曲線の交点 どちらが言い出して始めたことなのか、ともし聞かれたら、答えに困るなとネロは思う。どちらともなく、気が付いたら手と手の先が触れることを許していて、それが腕と体になり、口と口になり、舌が絡みあっていただけのことだ。ネロとファウストは恋人同士でもなければ、こういったことをするための関係として割り切っているわけでもない。酔った勢いだと言い切ってしまうほど勢いもついていない。
どちらかの部屋で晩酌をして、一通り話す内容も尽きて、しょうもないことで笑ってしまう時間も過ぎると二人の行為は始まる。
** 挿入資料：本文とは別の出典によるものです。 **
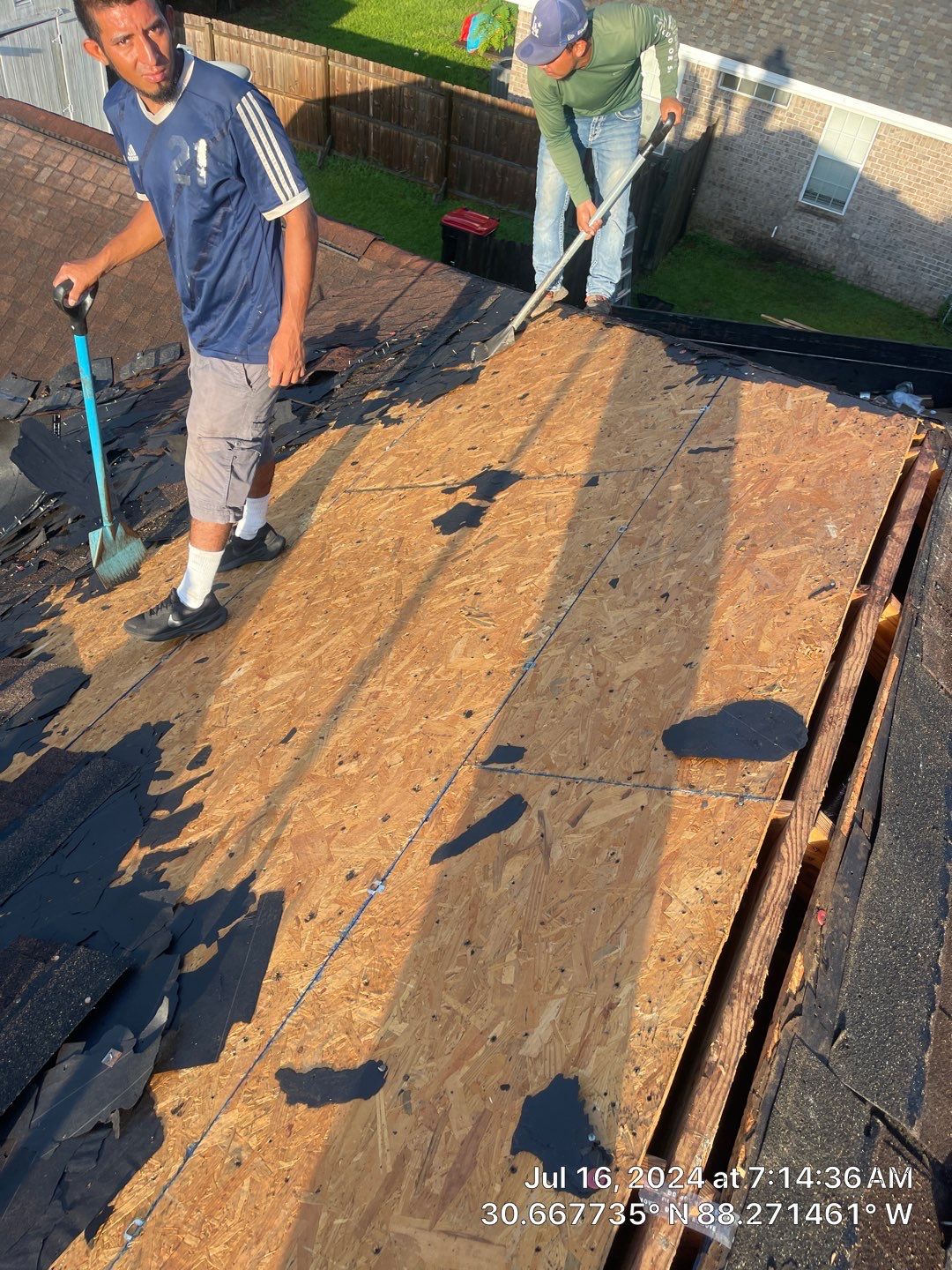 Residential Roofing Installation using Roof Replacement by American Roofing & Construction LLC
ベッドに腰掛け、手の指同士を絡ませたり、抱きしめ合ったりして、キスをする。それ以上に及ぶことは無い。ネロから言い出す時とファウストから言い出す時は半々くらいで、今日切り出したのはファウストの方だ。
ファウストからしたいと言い出す日も、より細分化すると二パターン存在する。ファウストから動きたがる日と、ネロに身を任せたい日。今日は後者なので、ネロはファウストが望む通りにわがままを聞いてやる。
「ネロ」
指を絡ませた片手を握る力が強くなり、とろんと緩んだ目がじっとネロを見つめている。ファウストがネロに強請る時、ファウストは何をして欲しいとは言わない。ただ名前を呼んで何をして欲しいのか目で訴える。それを察してネロが起こした行動が正解なのか、不正解なのかをファウストが口にすることは無いが、満足そうなファウストの顔を見ていると、まあ不正解だったことはそう無いのだろうと思う。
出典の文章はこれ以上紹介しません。